レオパレス21集合住宅2商品『ゴールドネイル、ニューゴールドネイル』について、確認通知図書に記載されていた小屋裏界壁が施工されていないことが判明しました。(2018年4月27日ニュースリリース)

また、ネイルシリーズ以外のシリーズについても調査を行った過程で、ネイルシリーズとは別の6商品『ゴールドレジデンス、ニューシルバーレジデンス、ニューゴールドレジデンス、スペシャルスチールレジデンス、ベタースチールレジデンス、コングラツィア』で、図面と施工マニュアルの整合性の不備が確認され、界壁施工において建築基準法に抵触することが判明しました。

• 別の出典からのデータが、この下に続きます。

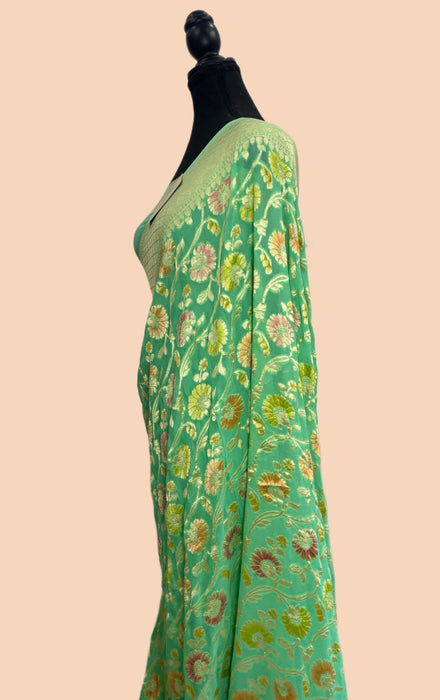 Persian Green Khaddi Georgette Banarasi Handloom Saree - Hand Meenakari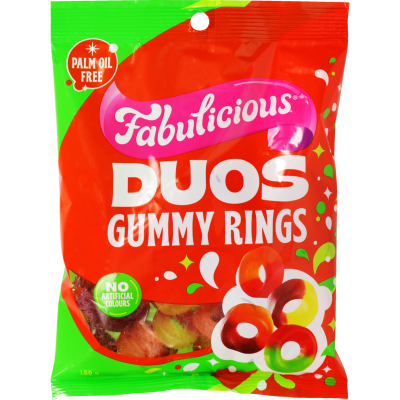 Fabulicious Gummy Rings Duos 180g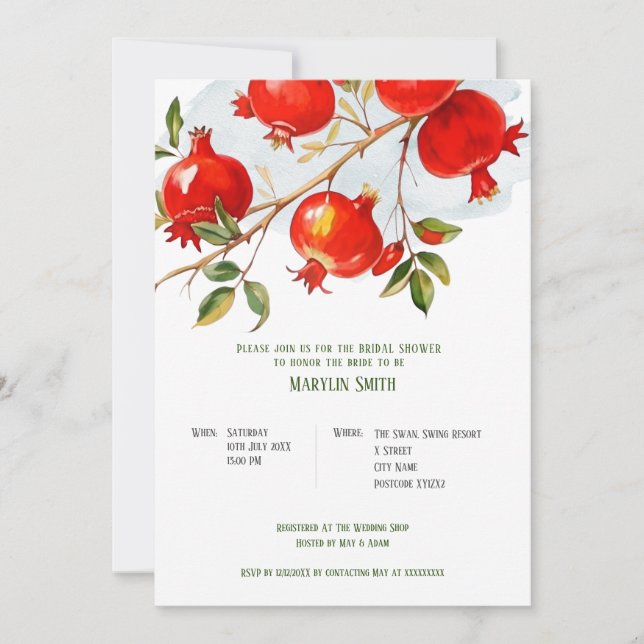 Pomegranates watercolor theme Bright colours Invitation (Front)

(2018年5月29日ニュースリリース)

レオパレス21は、施工不備の発生原因を次のように説明しています。

発生原因は現在調査中ですが、現時点で想定している以下の部分が原因であると考えられます。

・図面と施工マニュアルの整合性の不備

当時、物件のバージョンアップが頻繁に行われており、建物の仕様が分かりにくくなっていたことや、施工業者に渡している図面と施工マニュアルの整合性に不備があったこと確認されております。

・社内検査体制の不備

検査は行ってはいたものの、規格商品であることから図面等と現場との照合確認が不十分であったことと、検査内容も自主検査に留まっており、社内検査体制も不十分であったと認識しております。

なお、2008年以降の施工物件に関しましては、本部によるチェック体制を整えております。現在は、9回の社内検査に加え、第三者による検査を4回行い、品質管理に努めております。

発生原因については、引き続き徹底的な究明を行ってまいります。

界壁とは

界壁とは共同住宅など各住戸の間を区切る壁のことを言います。

界壁は、「防火」「遮音」について建築基準法等、関係法令の技術的基準に基づく性能を満たし、小屋裏・天井裏まで達するように設ける必要があります。

界壁施工不備の影響

小屋裏・天井裏部分の界壁施工に不備がある物件は、防火上の耐火性能が低下している可能性が否定できません。また、小屋裏や天井裏から生活音が隣戸に伝わりやすくなっている可能性があります。

界壁と建物の構造耐力について

通常、小屋裏及び天井裏部分の界壁については、施工に問題があったとしても建物全体の構造耐力に影響を与えることはありません。

※界壁が耐力壁に該当する場合は、その限りではありません。